In recent years, increasing attention has been paid to research integrity in orthodontics, including transparency in reporting, the disclosure of funding sources, protocol registration, and adherence to recognized reporting guidelines [
20,
21,
22]. Interpretative practices such as ‘spin,’ defined as selectively presenting, emphasizing, or framing results to make findings appear more favorable, have been documented as a form of reporting bias that can distort the evidence base and mislead clinicians [
23,
24,
25]. These concerns are particularly relevant in the context of TMD research, where study heterogeneity and subjective outcomes are common.
This issue is particularly relevant because clinicians frequently rely on abstracts as their primary source of information. Multiple studies have shown that physicians read only the abstract for roughly two-thirds of the articles they encounter, using it to determine clinical relevance or whether to pursue the full text [
26,
27,
28,
29]. Time constraints, information overload, and limited access contribute to this selective reading behavior, and when full articles are read, attention often centers on the conclusion or results rather than methodological details [
28,
30]. Because abstracts may omit important limitations or inconsistencies, overinterpretation or “spin” in abstracts has a disproportionate potential to shape clinical impressions and decision-making [
26,
27,
29].
Nonetheless, existing meta-research in orthodontics has typically examined transparency and spin either within single subspecialties or across heterogeneous collections of randomized trials, without explicitly contrasting TMD/TMJ-focused orthodontic RCTs with general orthodontic RCTs [
20,
21,
22,
23,
24,
25]. As a result, it remains unclear whether TMD/TMJ trials are characterized by systematically different transparency profiles or spin patterns compared with the broader orthodontic literature. Clarifying this gap is important for interpreting the strength of evidence in a clinically controversial area.
Accordingly, the present systematic review and meta-analysis aimed to assess and compare the methodological quality, transparency, reporting practices, and prevalence of spin in studies focused on TMD versus general orthodontic research. By evaluating patterns of study rigor and interpretive reporting across these two domains, this review sought to determine whether systematic methodological differences exist and to clarify whether the evidence base for TMD in orthodontics adheres to the principles of transparency and evidence-based practice.
2. Materials and Methods
2.1. Protocol and Reporting Framework
This systematic review and meta-analysis followed the PRISMA 2020 guidelines (
Supplementary checklist) to ensure methodological transparency and reproducibility at each stage. The protocol was prospectively registered in the International Prospective Register of Systematic Reviews (PROSPERO 4201024184). After registration and before data extraction, two minor protocol deviations were introduced. First, the TMD/TMJ search strategy was broadened to include additional synonyms and free-text variants for temporomandibular terminology to improve the retrieval of orthodontic TMD trials. Second, the author list was updated (one initially listed author withdrew and another joined the review team) to reflect the final study team. These modifications did not alter the review question, eligibility criteria, outcomes, or planned analytical framework. A summary of protocol amendments, with dates and justifications, is provided in
Supplementary Table S4.
2.2. Eligibility Criteria
Eligible studies were limited to human clinical research in orthodontics published in peer-reviewed journals. Randomized controlled trials (parallel, split-mouth, crossover, and cluster designs), quasi-randomized controlled trials, and prospective controlled clinical trials were eligible. Quasi-randomized designs were defined as trials using a systematic but non-random allocation method (e.g., alternation, date of birth, or clinic day). Trials in which allocation clearly reflected clinician or patient preference without a predefined allocation rule were considered non-randomized and were excluded.
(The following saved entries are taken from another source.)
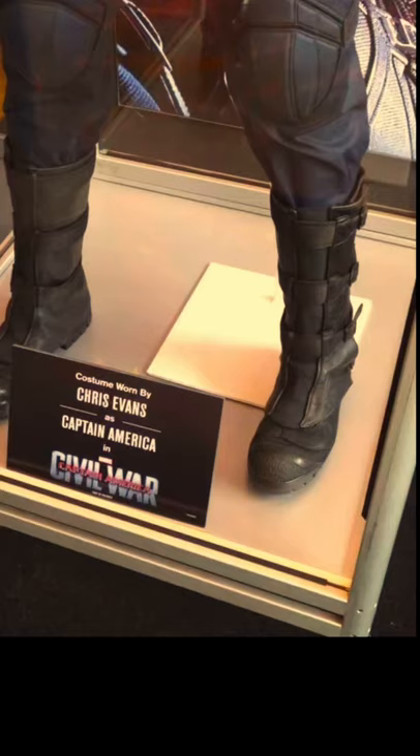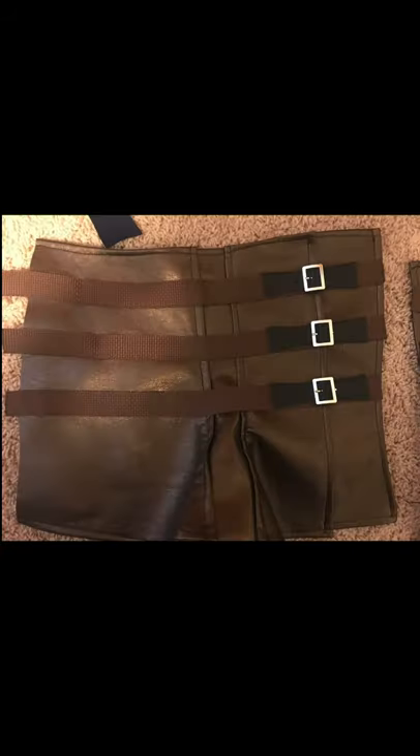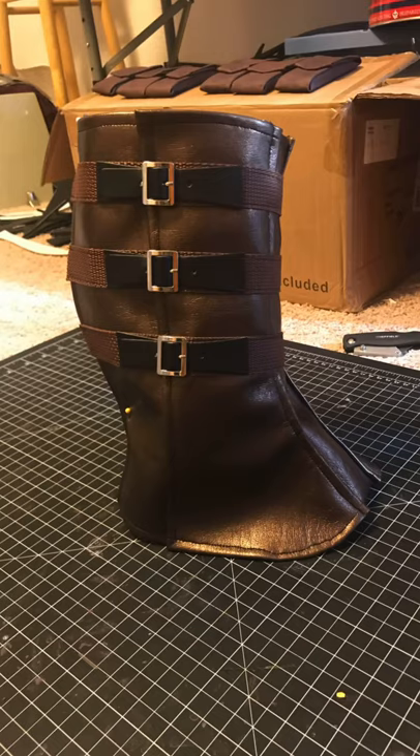Let's look at the Captain America Boot Covers, also known as spats or gaiters. I used a basic three-part shape. Simplified, it is a rectangle with a one-sided flare towards the toe. A strip down the center matches the styling, and I used webbing and decorative purse buckles to complete the look.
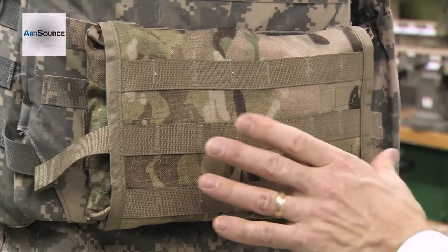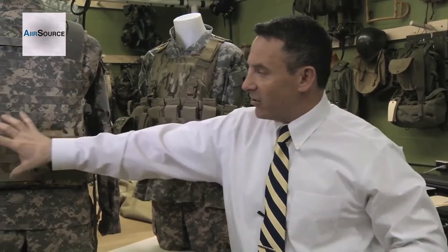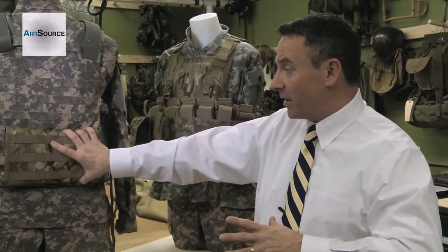So the new IFAC — and we've got this one here mounted on a soldier's individual plate carrier — is mounted in the center of the back. That was one of the areas we looked at for giving a location for the medical equipment.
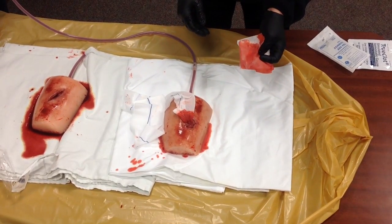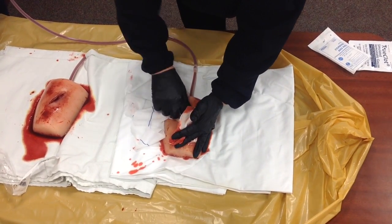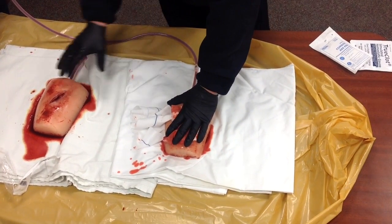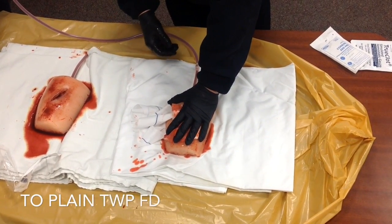If it continues to bleed, add a little more gauze and continue to hold direct pressure. Again, this technique is not for a limb — it's for somewhere on a large body surface where you cannot use a tourniquet.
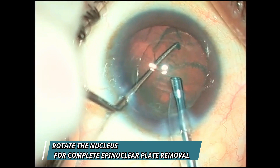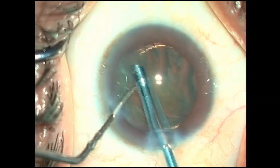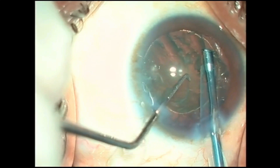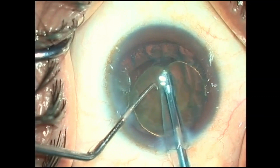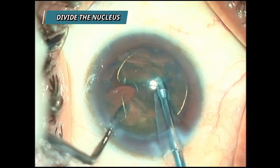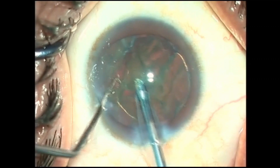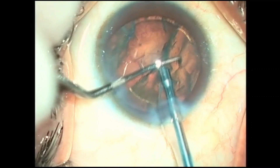Once that is achieved, we remove the rest of the epinucleus by rotating the nucleus to remove the full 360 degrees of the epinuclear plate — using only suction, no phaco energy. After epinuclear plate removal, make a trench in the nucleus and divide it into two, like a normal stop-and-chop technique. The tip remains in the central safe zone throughout. See how easily the nucleus prolapses into the central safe zone, where it can be emulsified and aspirated with minimal phaco energy and mainly suction.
Studies were categorized as either TMD/TMJ-focused or general orthodontic based on the primary research question, intervention type, and outcomes reported. Trials were classified as TMD/TMJ-focused when the main objective was prevention or management of TMD/TMJ symptoms or dysfunction using orthodontic, orthopedic, or occlusal interventions. General orthodontic studies encompassed trials evaluating malocclusion correction, tooth movement, growth modification, anchorage reinforcement, or treatment efficiency, excluding airway-related research already examined elsewhere. When authors explicitly specified primary versus secondary outcomes, inclusion and classification decisions were based on the stated primary outcome. In the absence of an explicit designation, the primary outcome was inferred from the outcome emphasized in the study objectives and abstract conclusions. All included studies can be viewed in
Supplementary Table S5.
Exclusion criteria comprised non-randomized observational studies, retrospective designs, secondary analyses, case series, animal or in vitro studies, narrative reviews, editorials, commentaries, book chapters, and studies lacking full-text availability. Trials were excluded as “solely non-orthodontic” when all primary outcomes related exclusively to pain modulation, oral hygiene, remineralization, or other non-orthodontic domains, even if orthodontic appliances were used. Studies in which such outcomes were secondary, but at least one primary orthodontic or occlusal outcome was evaluated, were eligible.
2.3. Information Sources and Search Strategy
A comprehensive search was designed and executed in consultation with a health sciences librarian. Electronic databases searched from the earliest available records in each database up to 15 October 2025 included PubMed/MEDLINE, ICTRP, EMBASE, CT.gov and CINAHL. The search was structured around two complementary frameworks: one identifying general orthodontic trials and one identifying TMD/TMJ orthodontic trials. Search strings combined controlled vocabulary (e.g., MeSH) and free-text keywords using Boolean operators AND/OR. No language, date, or geographic restrictions were applied. The PubMed search strategy for general orthodontics, provided in full below, served as the exemplar; database-specific headings and syntax were adapted for the remaining sources: ((orthodontic[Title/Abstract] OR orthodontics[MeSH Terms] OR “orthodontic appliance”[Title/Abstract] OR “orthodontic appliances”[Title/Abstract] OR “interceptive orthodontics”[Title/Abstract] OR “clinical orthodontics”[Title/Abstract] OR “dental braces”[Title/Abstract] OR “dental bracket”[Title/Abstract])) AND (airway[Title/Abstract] OR “sleep apnea”[Title/Abstract] OR “upper airway”[Title/Abstract] OR OSA[Title/Abstract] OR snoring[Title/Abstract] OR breathing[Title/Abstract] OR respiratory[Title/Abstract] OR “pharyngeal airway”[Title/Abstract]) AND (randomized controlled trial[Publication Type] OR controlled clinical trial[Publication Type] OR randomized[Title/Abstract] OR randomized[Title/Abstract] OR trial[Title/Abstract] OR “clinical trial”[Title/Abstract] OR split-mouth[Title/Abstract] OR prospective[Title/Abstract] OR “quasi-randomized”[Title/Abstract] OR “quasi randomized”[Title/Abstract]) NOT (animals[MeSH Terms] NOT humans[MeSH Terms])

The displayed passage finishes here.